The advice was offered during a graduation ceremony at the school at Flint Hall, St. Michael this morning for the class of 79 students. They were told by featured speaker and Principal of the Reynold Weekes Primary School, Joseph Clarke, that seeking God’s leadership was a proactive approach and not a reactive one when involved in problem solving. He also reminded them that when they commit their ways to the Lord they would save themselves much worry and anxiety.
“Continue on the path of growth and let God continue to lead you,” Clarke said. “You will learn that in order to achieve anything meaningful in life, you will have to make sacrifices or you will have to defer some things that you love in order to invest in the future. You are not alone, we here once sat where you are now sitting in order to achieve our goals. We had to give up hours of play and leisure time in order to attend extra classes so that our reading, English and mathematics would improve.”

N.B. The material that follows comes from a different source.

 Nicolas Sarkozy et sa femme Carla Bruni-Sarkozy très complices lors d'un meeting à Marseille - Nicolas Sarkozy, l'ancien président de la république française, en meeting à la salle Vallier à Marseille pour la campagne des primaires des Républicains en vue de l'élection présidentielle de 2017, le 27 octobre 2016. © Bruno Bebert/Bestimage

The principal advised that God was to be the central being in their lives and they should allow Him to guide them daily. He added that they must choose wisely who they would follow.
“There will be many voices in your heads that would say ‘Come, follow me!’ but you should follow positive role models. These would be persons who would encourage you to do what is right. Your teachers would tell you that you need to think critically, that applies to the things you do every day other than your school work,” he explained.
The summer school report for the five-week camp was delivered by Andrea Cheltenham who encouraged the students to return to school putting God first and working hard. She insisted that they should put God first and undoubtedly success will follow.
The children then showcased their skill in Barbadian theatre arts through presentations of stilt walking, Landship reenactments, bell chiming and tuk band drumming. This was through the Cultural and Historical Exposure for Kids in School, also known as the CHEKS, programme which officials described as a success.